FI was also impacted by some characteristics described by continuous data. There was a positive cubic correlation between FI and the absolute difference of events between the intervention and control group, which was understandable. The larger the absolute difference between the groups, the more the number of events needed to reverse the significant outcomes. The total sample size was also an important impact factor with a high correlation coefficient, which was consistent with the previous studies in critical care medicine [18, 19] and spine surgery [28], but inconsistent with a study in heart failure [40] and recently published reports in patients with solid cancers [41]. The relationship between FI and P-value was negative logarithmic correlation; the smaller the P value the larger the FI. In fact, both the FI and P-value were metrics to evaluate the difference between the group [42], FI was more straightforward and convenient for clinicians to understand but only used for significant binary outcomes, whereas the P-value was applied more extensively but it was more obscure.
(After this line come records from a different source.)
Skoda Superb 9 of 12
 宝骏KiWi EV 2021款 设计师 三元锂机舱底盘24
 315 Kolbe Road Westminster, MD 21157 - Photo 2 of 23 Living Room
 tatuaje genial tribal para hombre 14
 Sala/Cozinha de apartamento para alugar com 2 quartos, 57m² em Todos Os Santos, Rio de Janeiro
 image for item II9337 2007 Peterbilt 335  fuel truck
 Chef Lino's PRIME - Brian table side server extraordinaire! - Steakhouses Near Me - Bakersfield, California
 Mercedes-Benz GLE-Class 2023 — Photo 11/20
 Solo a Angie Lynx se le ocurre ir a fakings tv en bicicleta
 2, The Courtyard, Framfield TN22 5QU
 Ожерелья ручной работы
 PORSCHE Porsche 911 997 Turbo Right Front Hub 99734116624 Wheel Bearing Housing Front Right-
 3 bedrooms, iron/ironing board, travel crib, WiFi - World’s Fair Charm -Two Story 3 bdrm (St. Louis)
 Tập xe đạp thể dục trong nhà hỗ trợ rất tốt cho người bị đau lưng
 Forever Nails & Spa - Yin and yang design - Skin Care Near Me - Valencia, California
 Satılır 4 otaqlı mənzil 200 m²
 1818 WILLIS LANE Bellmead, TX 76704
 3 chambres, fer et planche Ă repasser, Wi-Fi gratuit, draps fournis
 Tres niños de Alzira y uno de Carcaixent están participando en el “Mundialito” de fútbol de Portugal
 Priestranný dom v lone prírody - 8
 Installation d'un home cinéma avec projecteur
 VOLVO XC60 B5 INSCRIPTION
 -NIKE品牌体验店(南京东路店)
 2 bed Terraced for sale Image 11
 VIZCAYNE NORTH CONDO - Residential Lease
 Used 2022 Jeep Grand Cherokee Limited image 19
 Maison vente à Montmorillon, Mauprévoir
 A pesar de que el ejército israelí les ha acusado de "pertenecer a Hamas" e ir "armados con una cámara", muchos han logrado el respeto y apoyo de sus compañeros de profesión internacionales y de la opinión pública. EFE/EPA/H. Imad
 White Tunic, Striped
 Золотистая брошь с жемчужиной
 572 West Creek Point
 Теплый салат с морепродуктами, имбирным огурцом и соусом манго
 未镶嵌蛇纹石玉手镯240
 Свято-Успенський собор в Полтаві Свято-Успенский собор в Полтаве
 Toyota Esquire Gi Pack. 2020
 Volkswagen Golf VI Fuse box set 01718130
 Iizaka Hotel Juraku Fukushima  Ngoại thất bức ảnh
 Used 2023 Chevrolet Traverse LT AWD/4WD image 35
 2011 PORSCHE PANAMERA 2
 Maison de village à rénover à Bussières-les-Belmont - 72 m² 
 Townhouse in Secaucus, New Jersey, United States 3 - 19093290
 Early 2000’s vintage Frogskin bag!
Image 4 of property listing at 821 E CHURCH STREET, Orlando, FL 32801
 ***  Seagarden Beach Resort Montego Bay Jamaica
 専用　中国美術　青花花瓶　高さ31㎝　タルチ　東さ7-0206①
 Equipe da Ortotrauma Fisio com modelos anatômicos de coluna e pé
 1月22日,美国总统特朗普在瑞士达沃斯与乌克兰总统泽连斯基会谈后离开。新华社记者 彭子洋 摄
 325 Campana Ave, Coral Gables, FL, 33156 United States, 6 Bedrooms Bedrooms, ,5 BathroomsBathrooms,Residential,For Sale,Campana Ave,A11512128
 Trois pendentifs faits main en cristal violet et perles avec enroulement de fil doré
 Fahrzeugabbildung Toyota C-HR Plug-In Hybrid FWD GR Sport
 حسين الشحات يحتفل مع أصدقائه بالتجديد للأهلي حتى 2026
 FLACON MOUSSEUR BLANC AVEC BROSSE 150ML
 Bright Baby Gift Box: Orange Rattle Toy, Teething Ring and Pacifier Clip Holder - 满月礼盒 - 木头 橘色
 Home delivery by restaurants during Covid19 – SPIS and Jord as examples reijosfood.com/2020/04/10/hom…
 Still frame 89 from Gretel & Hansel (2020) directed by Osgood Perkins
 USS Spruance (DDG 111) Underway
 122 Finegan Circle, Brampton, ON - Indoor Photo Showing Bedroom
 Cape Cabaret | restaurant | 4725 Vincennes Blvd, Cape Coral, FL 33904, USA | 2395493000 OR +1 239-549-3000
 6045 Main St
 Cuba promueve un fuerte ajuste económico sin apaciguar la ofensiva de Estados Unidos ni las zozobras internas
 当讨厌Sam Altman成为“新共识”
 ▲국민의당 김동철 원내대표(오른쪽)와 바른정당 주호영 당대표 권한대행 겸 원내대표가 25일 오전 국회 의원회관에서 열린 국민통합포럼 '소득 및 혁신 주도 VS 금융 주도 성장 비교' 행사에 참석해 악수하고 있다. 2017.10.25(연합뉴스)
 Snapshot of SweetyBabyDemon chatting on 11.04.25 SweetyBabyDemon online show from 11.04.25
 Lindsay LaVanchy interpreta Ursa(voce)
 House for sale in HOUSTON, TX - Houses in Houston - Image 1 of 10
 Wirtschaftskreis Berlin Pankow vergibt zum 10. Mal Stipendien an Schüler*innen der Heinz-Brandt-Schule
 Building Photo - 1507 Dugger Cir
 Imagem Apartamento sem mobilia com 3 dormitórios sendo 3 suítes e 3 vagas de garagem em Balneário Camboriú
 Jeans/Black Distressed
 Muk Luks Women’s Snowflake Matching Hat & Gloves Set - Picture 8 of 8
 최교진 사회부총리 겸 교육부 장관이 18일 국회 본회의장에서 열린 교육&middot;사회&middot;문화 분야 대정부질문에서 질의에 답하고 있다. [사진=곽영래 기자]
In addition, the RCTs registered in ClinicalTrial.gov were prone to report outcomes with higher FI compared with those in the other registrations, which might be associated with the fact that most of the trials registered in agency registry were performed in developing countries, the design and performance of trials could be slightly different in developed nations [43, 44]. This study tried to assist clinicians in the interpretation of the significant outcomes more precisely with a quantitative metric; however, we did not aim to question the findings researched by the numerous great unsung heroes.

There were some limitations to this study. First, we did not consider the continuous outcomes although they promoted recognition of SARS-COV-2 because FI itself could only be used for binary outcomes. Second, we had to blend some studies with similar characteristics together for a feasible analysis owing to paucity of the RCTs with the completely same features. Third, there was no way to include all of the RCTs on the treatment of COVID-19, because COVID-19 had not been elucidated fully and articles from RCTs have been publishing continuously. However, the embarrassing scene did not affect the purpose of the present study, to remind the reader to evaluate the robustness of a significant binary outcome on the treatment of COVID-19 with a quantitative metric, FI. Fourth, in the present study, a quantitative assessment tool, JADAD scale, was adopted to estimate the methodological quality of RCTs, and to analyze the relationship between total score of JADAD scale (continuous data) and the FI. However, JADAD scale might underestimate the quality of open RCTs in which blinding to the participants or staff was impossible, for instance, receiving breathing support strategies or not. Finally, the results could only be used as a clear metric of the robustness for a binary outcome with significant difference; however, it could not arrive at a conclusion on the effect of an intervention strategy.

5 Conclusion

The robustness of significant dichotomous outcomes was still fragile in the RCTs on the treatment of patients with COVID-19. FIs were mainly affected by the outcomes of interest, patients, interventions, P value and absolute difference of events between the groups. The robustness of the outcomes in the outpatients, specific immunosuppressant, and antiviral treatment was stronger. Thus, we recommend the routine report of the FI and FQ as quantitative metrics to assist the readers in better interpretation of a binary outcome with significant difference.